Raw data:
++++
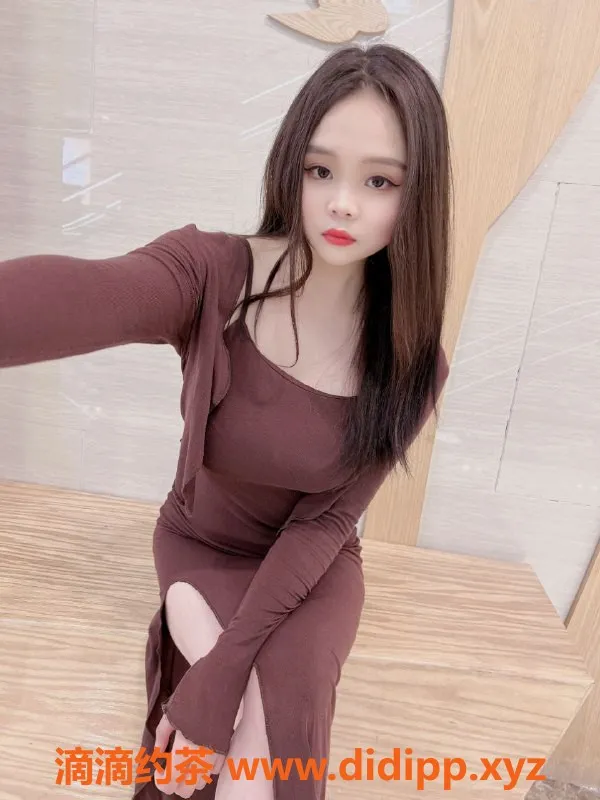 杭州上门服务-乐乐 03年嫩妹 165高 36D上门服务800元起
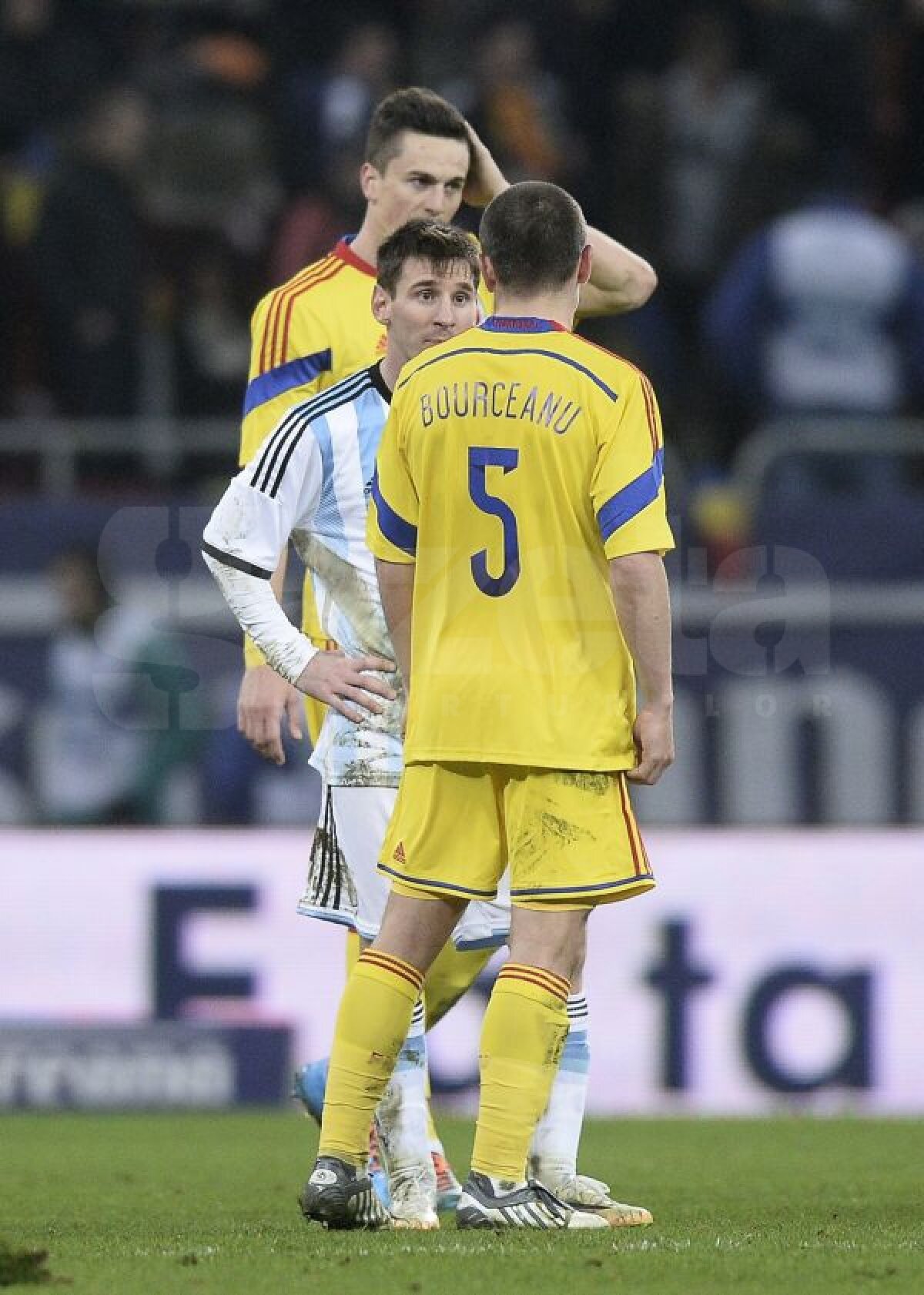 FOTO Reacţie debusolată » Imagini inedite cu Lionel Messi, prins în "războiul" Alexandru Bourceanu vs. Gabi Torje pentru tricou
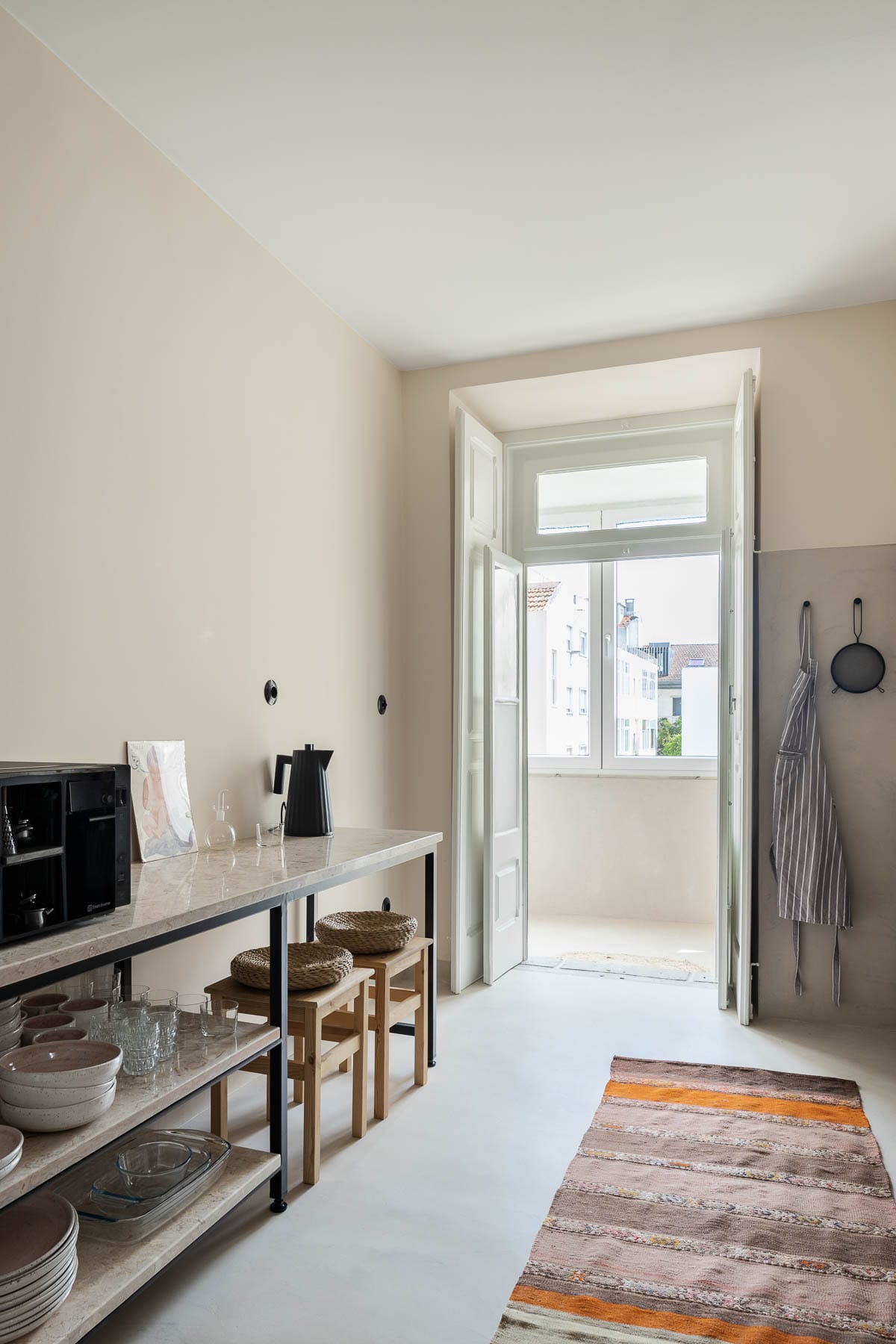 Penha Apartment Embracing Contemporary Elegance in Lisbon, Portugal 15 Lisbon, Portugal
++++
Exercise details:
Output the listing exactly, pictures excluded.

Task answer:
 杭州上门服务-乐乐 03年嫩妹 165高 36D上门服务800元起
 FOTO Reacţie debusolată » Imagini inedite cu Lionel Messi, prins în "războiul" Alexandru Bourceanu vs. Gabi Torje pentru tricou
 Penha Apartment Embracing Contemporary Elegance in Lisbon, Portugal 15 Lisbon, Portugal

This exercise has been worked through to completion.